College of Medicine, University of Saskatchewan & Saskatoon Cancer Centre, SK, Canada.
Internal Medicine Department, Rheumatology and Clinical Immunology Unit, Faculty of Medicine, Cairo University, Egypt.
Vitam Horm. 2022;119:441-455. doi: 10.1016/bs.vh.2022.01.002. Epub 2022 Feb 25.

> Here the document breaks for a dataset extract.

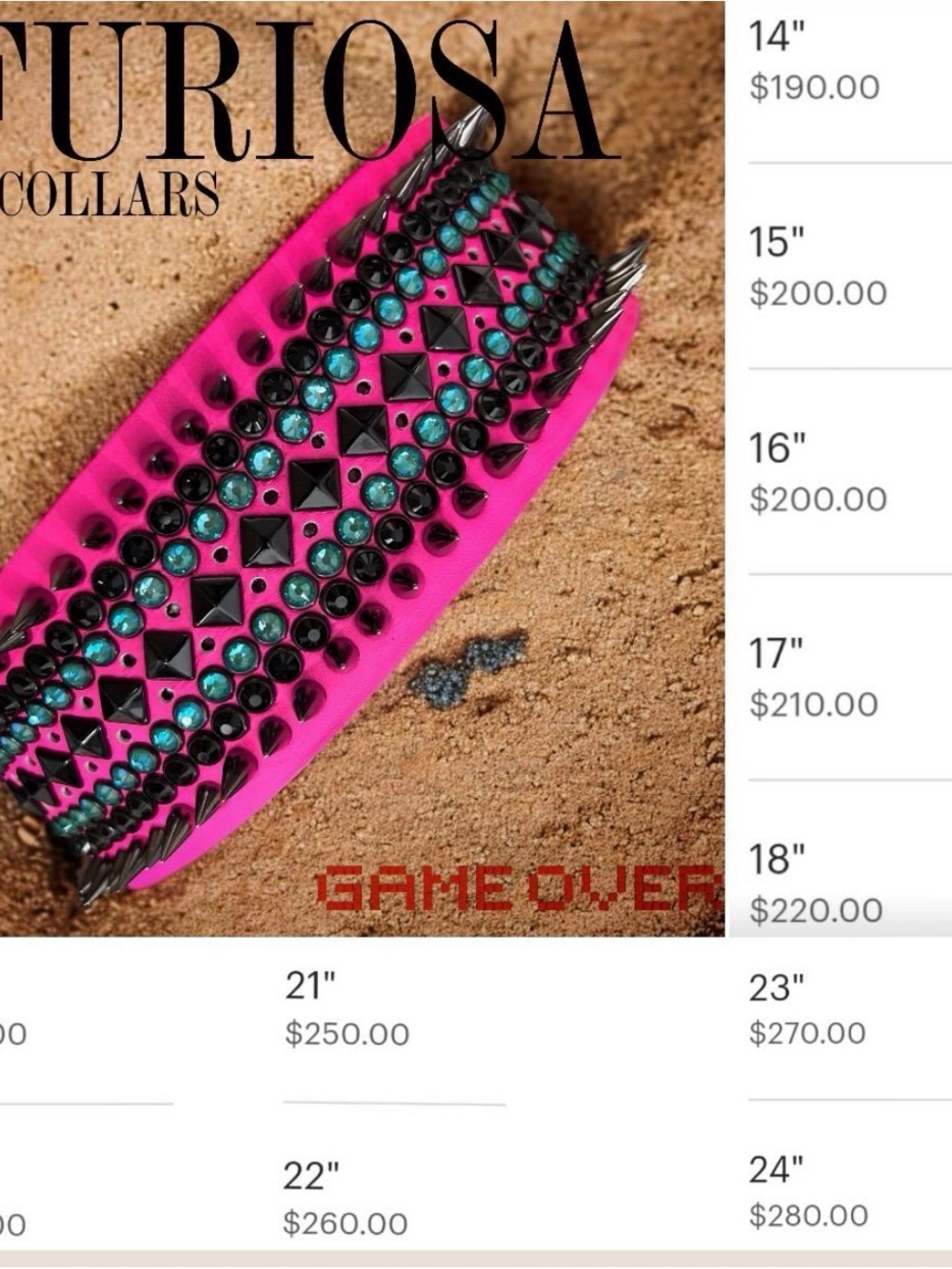 Hot Pink Dog Collar with Teal Crystals & Black Studs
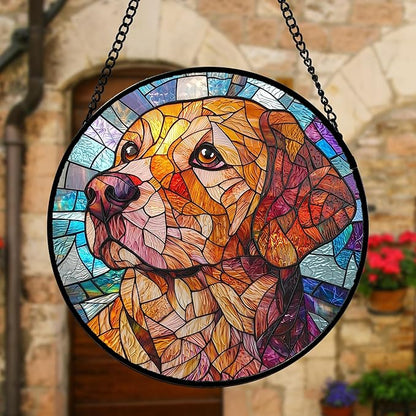 DASTOLL Stained Glass Window Hanging, Cute Dog Abstract Sun Catchers Colorful Glass Panel Texture Suncatcher Decor for Birthday for Women, Men, Wife, Aunt, and Mom 6.3 in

Thrombotic microangiopathies (TMAs) are a group of life-threatening conditions requiring urgent management and characterized by a clinical triad of microangiopathic hemolytic anemia, thrombocytopenia, and ischemic tissue injury. Severe vitamin B12 (Cobalamin-Cbl) deficiency or defective cobalamin metabolism, particularly defects in intracellular B12 metabolism, may lead to a TMA-like picture. The latter has been termed metabolism-mediated TMA (MM-TMA). This confusing picture is mediated partly by ineffective erythropoiesis with significant red cell fragmentation resulting in a hemolytic pattern, coupled with reduced platelet production and endothelial injury with organ damage resulting from accumulated toxic byproducts of B12 dysmetabolism. However, unlike in classic thrombotic thrombocytopenic purpura, where therapeutic plasma exchange has to be initiated promptly, cases of MM-TMA can be treated, if diagnosed properly, with adequate B12 replacement.
血栓性微血管病(TMA)是一组危及生命的疾病,需要紧急治疗,其特征是微血管性溶血性贫血、血小板减少和缺血性组织损伤的三联征。严重的维生素 B12(钴胺素-Cbl)缺乏或钴胺素代谢缺陷,特别是细胞内 B12 代谢缺陷,可能导致 TMA 样表现。后者被称为代谢介导的 TMA(MM-TMA)。这种令人困惑的表现部分是由于无效的红细胞生成,导致大量红细胞碎片形成溶血性模式,同时血小板生成减少和内皮损伤,导致 B12 代谢紊乱的毒性副产物堆积,从而导致器官损伤。然而,与必须迅速开始治疗的典型血栓性血小板减少性紫癜不同,如果正确诊断,MM-TMA 病例可以通过适当的 B12 替代治疗。